Anteojito y Antifaz, mil intentos y un invento (English title: Anteojito and Antifaz, A Thousand Attempts and One Invention) is a 1972 Argentine animated comedy-drama film written and directed by Manuel García Ferré. The film premiered in Argentina on September 14, 1972. It was re-released on July 12, 2001.

Plot
Anteojito is a poor orphan 10-year-old boy who lives with his Uncle Antifaz in an apartment house in a city named Villa Trompeta. Uncle Antifaz tries to invent an invisibility formula with Anteojito's help, and Cachavacha, a witch and Uncle Antifaz's neighbor who lives in the apartment right under his, tries to steal it as revenge for to his explosions destroying her apartment.
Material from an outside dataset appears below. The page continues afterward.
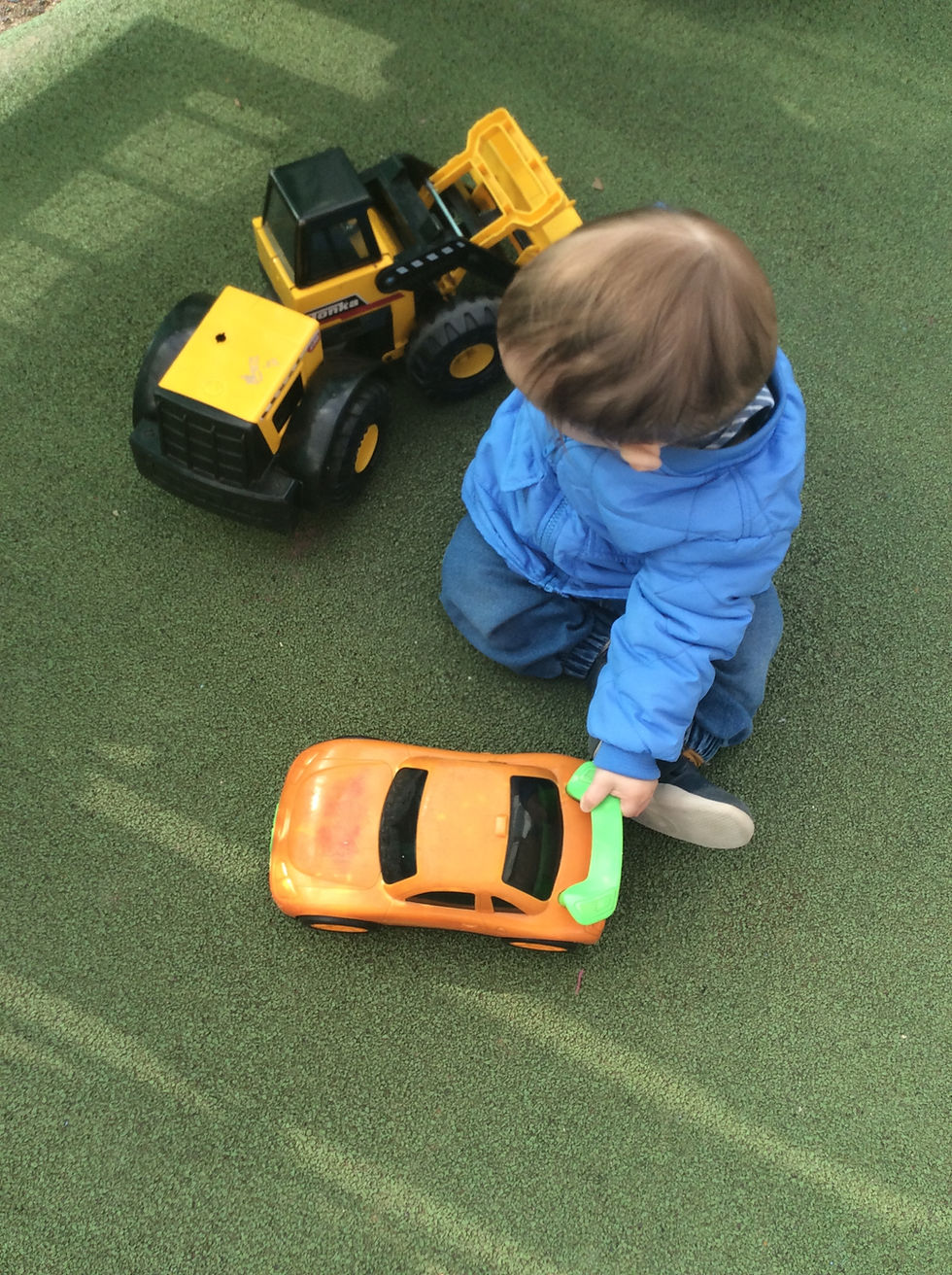 A child sitting on grass and engaging in imaginative play with toy cars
Anteojito sells some balloons and meets his friend Buzoncito, a little red mailbox. The balloons he was selling escape when he argues with a group of brats who mocked him. The circus comes to town and he helps out a friendly clown and his sick daughter by posing as a second, singing, clown. Two con men named Bodega and Rapiño are impressed by Anteojito's singing and pose as talent agents who can get him lucrative theatrical and operatic engagements, being hired by Cachavacha to have him away from Uncle Antifaz. Bonaño, a good-natured cat (tall with funny hat), takes him to Master Meethoven, a Beethoven-esque feline music teacher. Anteojito becomes a star, but he unknownly lets success go to his head, as he snubs Uncle Antifaz, and dismisses Bodega and Rapiño, who begin fight over the money. The distraught Antifaz gives up his experiments, which are immediately continued disastrously by Cachavacha, who ultimately dies on an explosion. Anteojito is told a story within the film (based on a separate book by García Ferré, El Pararrayos o Historia de una Ambición). This story is about an iron fence spike who was part of a fence that was thrown away in a dumpster. This spike had an ambition to become famous and be notice all the time by the public. The iron spike placed itself on higher positions as time went by, and even fought with a sword for a position on a coat of arms inside a mansion. However, the spike was still not satisfied, and eventually fulfilled its dream by becoming a lightning rod on top of a cathedral, where it was forever alone, and nobody could reach it. At last, Anteojito realizes that wealth is worthless without true friendship. He returns to being a little boy living with Uncle Antifaz, who throws away the invisibility formula he has finally invented.

Production Staff

Crew 
Written, produced and directed by: Manuel García Ferré
Associate co-producer: Julio Korn
Sequence director: Néstor Córdoba
Animators: Natalio Zirulnik, Carlos A. Pérez Agüero, Jorge Benedetti, Alberto Grisolía, Hugo Csecs, Horacio Colombo, Roberto García, Mauro Chitti
Inbetweeners: María Elena Soria, Laureano López, Beatríz Baldi, Susana Macaya, Norberto Burella
Art direction: Hugo Csecs
Backgrounds: Hugo Csecs, Walter Canevaro, Manuel Amigo
Ink and paint supervisors: Néstor Domínguez, Mirta Fassanella
Ink and paint: Elisa Aguiló, Estela Blanco, Inés Erausquín, Marta Di Guillo, Lidia Parón, Susana Solimena, Liliana Tirinello
Cinematography and special effects: Osvaldo Domínguez
Camera: Jorge Somma, Eduardo Chaile, Rubén Lamponi
Music composed and conducted by: Roberto Lar
Sound engineer: Francisco Busso
Sound recordist: Americo Gianello
Edited by: Silvestre Murúa
Negative cutter: Sara Gallego

Cast 
 Anteojito: Marión Tiffemberg
 Antifáz: Pedro Mansilla
 Other voices: Pelusa Suero, Ivan Grey, Inés Geldstein, Néstor D'Alessandro, Enrique Conlazo, Mario Gian, Claudia D'Alessandro, Silvia D'Alessandro, Liliana Mamone

Technical specifications 
Color by: Eastmancolor
Film processing: Laboratorios Alex, S. A.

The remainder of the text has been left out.